# The Music industry in a nutshell



## Deegan Rin (Jan 1, 2020)

This is honestly just me kinda venting about how screwed up the music industry can be. The perfect example of this is a production/DJ Duo by the name of divclass. Years ago they made a song called time with a kicking bass line and an amazing Melody. In 2015 afrojack made a song called crunk with Karim Mika. The same bass line and the same Melody with the tiniest of tweaks. Divclass found it. Proved that it was plagiarized and less than a week later, vanished into thin air. You can't find any of their music anywhere anymore. All their social media accounts deleted. All their pages on streaming services are gone. They were really talented and afrojack erased them from history all because he copied their song, got caught, and instead of just going about it properly in a court and paying out a bit of money, He erased them. He's not even a good producer anymore but, after that I unfollwed him everywhere refuse to listen to any of his work and to this day harbor a slight hatred for him. Industry giants have far to much influence and they aren't afraid to step on the little guy. Instead of coaching and encouraging they just destroy your dreams and laugh.
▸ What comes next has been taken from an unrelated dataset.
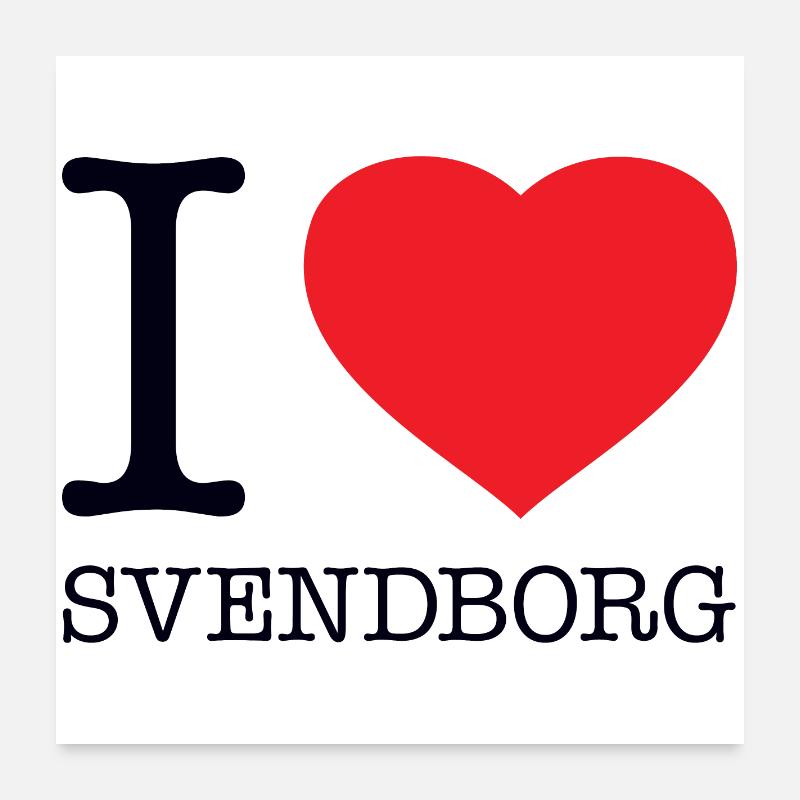 J’ADORE SVENDBORG Poster 60 x 60 cm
It's disgusting and a perfect example of what fame does to you.


----------



## Borophagus Metropolis (Jan 1, 2020)

I hate music as an industry.
But I love industrial music.
And I love music as an art.


----------



## Deegan Rin (Jan 1, 2020)

It sucks to be honest. You are it far to much. Used to ghost produce for a few people. You make the mix then sell all rights of the song over to someone else. It worked for me for awhile. Used to DJ under the name of Stargazerz but I'm teaching my fiance how to produce and how to DJ so we can be a duo. Already have stage costume ideas and we already decided on the name awhile ago. CyanideXRoses. So the industry sucks but the creation of the music and the satisfaction makes it worth it. We will be doing some nice mid tempo stuff once I finally move there


----------